- Opening Delimiter -

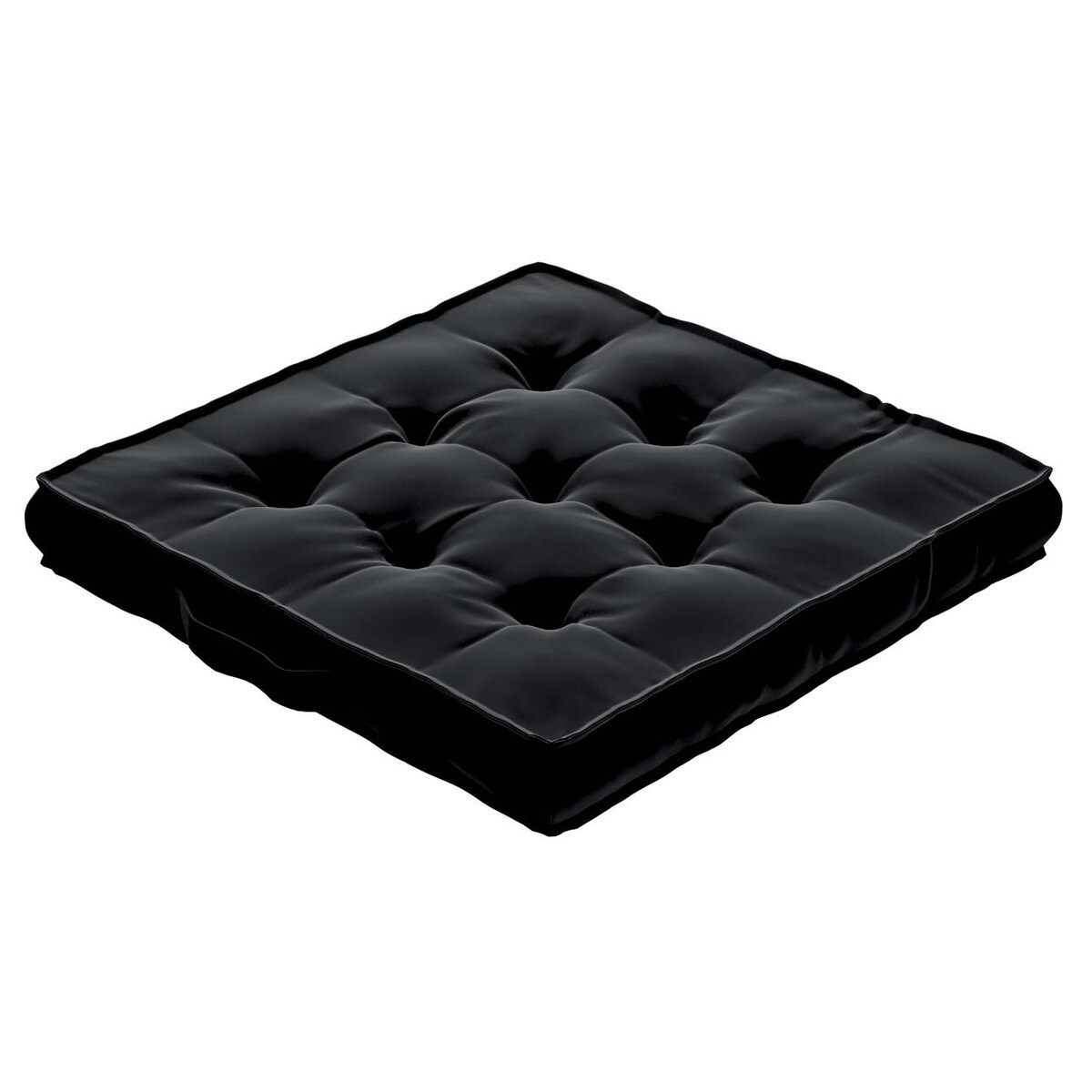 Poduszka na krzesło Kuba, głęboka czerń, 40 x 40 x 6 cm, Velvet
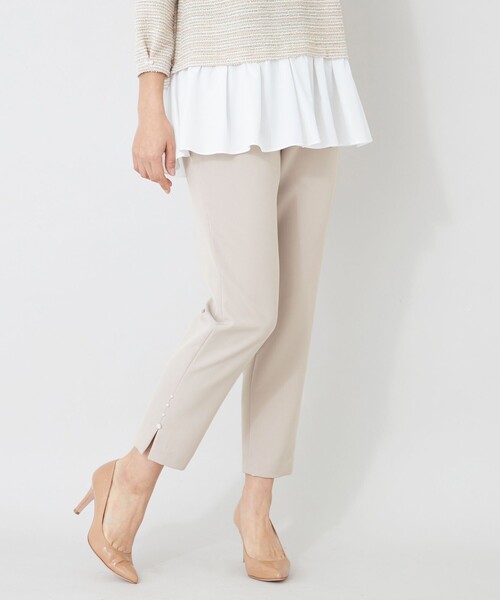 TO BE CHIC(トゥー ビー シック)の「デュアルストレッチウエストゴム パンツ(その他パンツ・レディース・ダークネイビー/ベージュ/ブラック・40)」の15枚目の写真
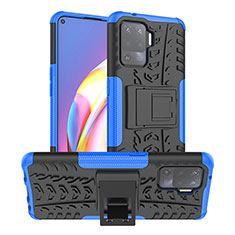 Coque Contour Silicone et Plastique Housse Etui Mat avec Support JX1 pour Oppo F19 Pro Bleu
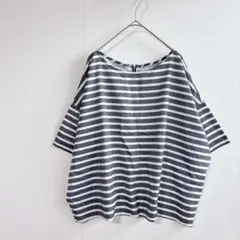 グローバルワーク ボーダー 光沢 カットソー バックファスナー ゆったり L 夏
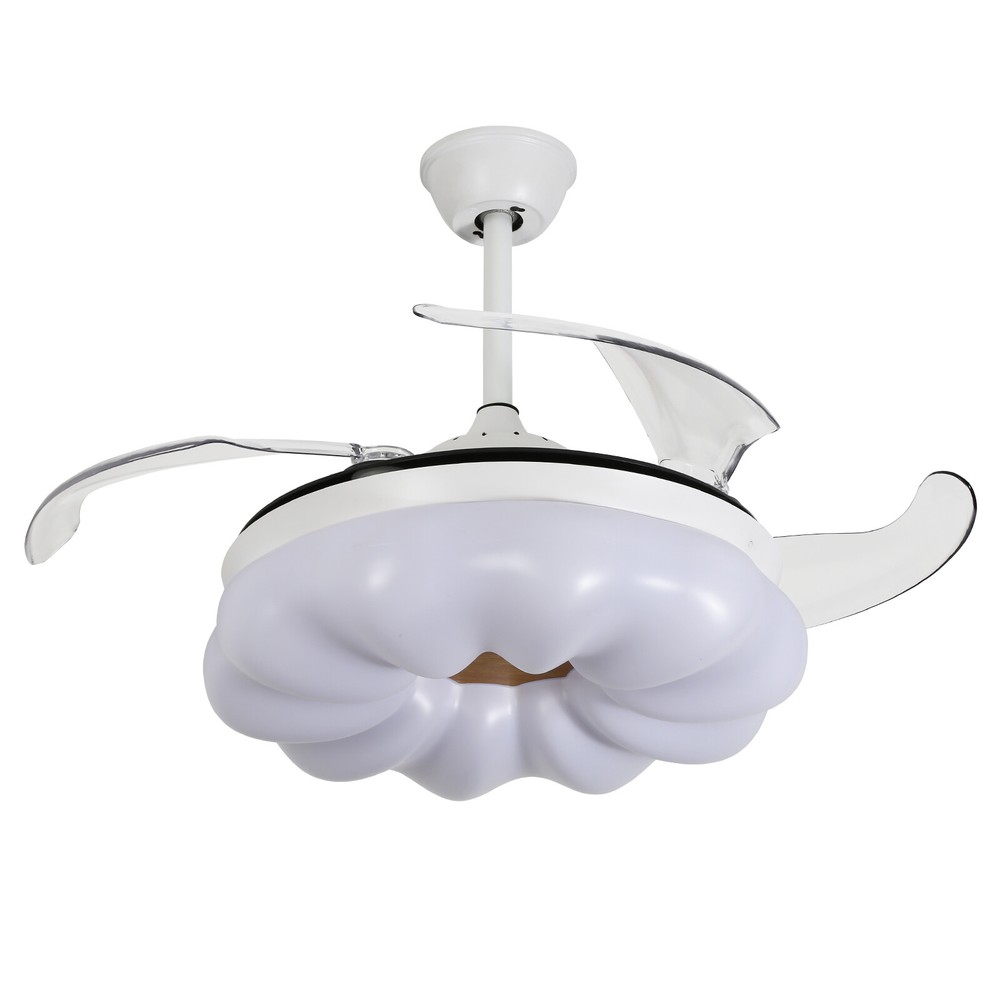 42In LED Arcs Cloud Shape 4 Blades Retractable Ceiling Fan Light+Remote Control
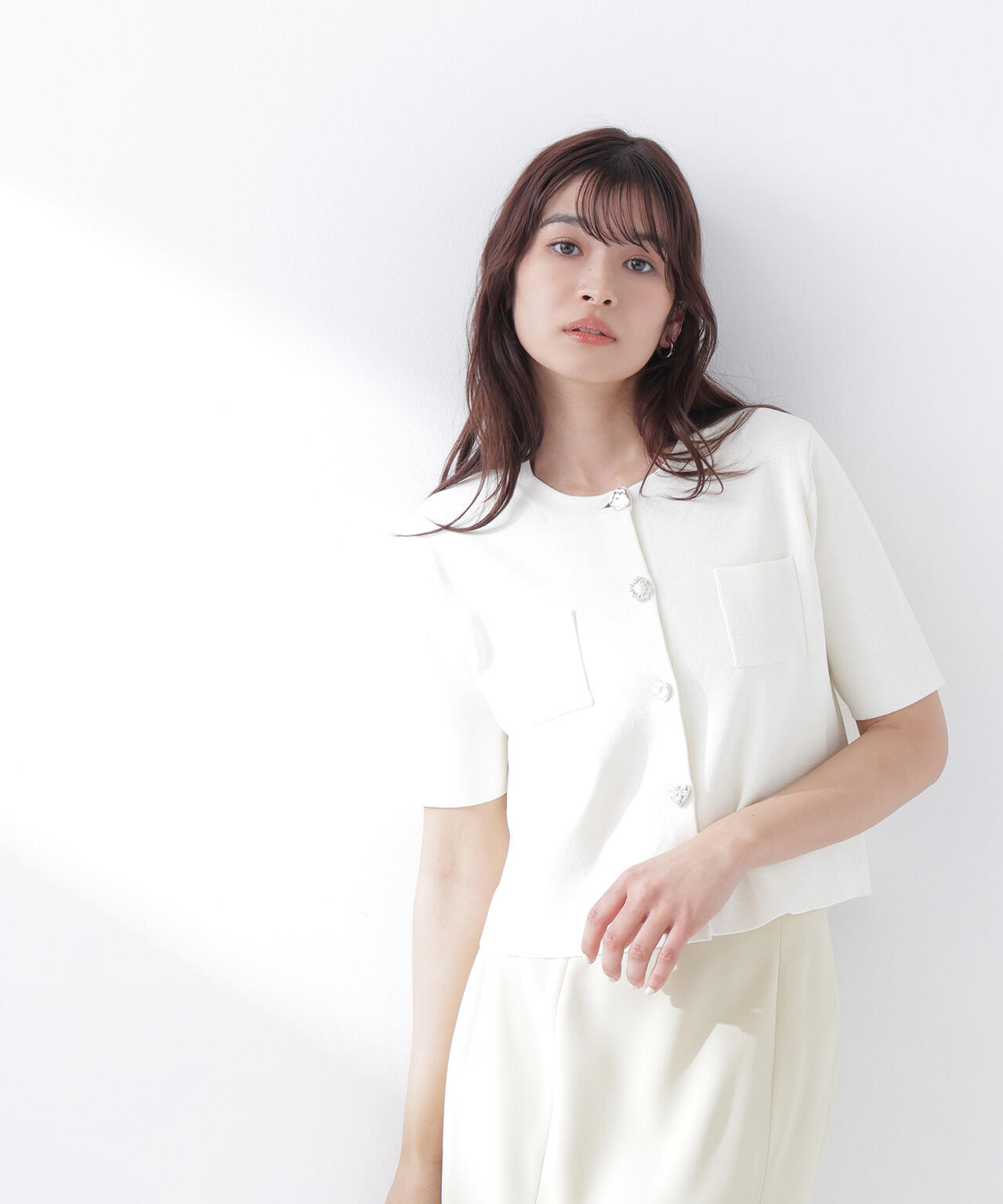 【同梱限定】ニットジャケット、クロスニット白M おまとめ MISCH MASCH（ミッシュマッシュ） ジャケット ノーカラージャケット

- Closing Delimiter -

■ **ASSIGNMENT**
Starting at the line that holds "Coque Contour Silicone" and stopping at the last line of the listing above, write out each line exactly as it appears, and omit the pictures.

■ **ANSWER BELOW**
 Coque Contour Silicone et Plastique Housse Etui Mat avec Support JX1 pour Oppo F19 Pro Bleu
 グローバルワーク ボーダー 光沢 カットソー バックファスナー ゆったり L 夏
 42In LED Arcs Cloud Shape 4 Blades Retractable Ceiling Fan Light+Remote Control
 【同梱限定】ニットジャケット、クロスニット白M おまとめ MISCH MASCH（ミッシュマッシュ） ジャケット ノーカラージャケット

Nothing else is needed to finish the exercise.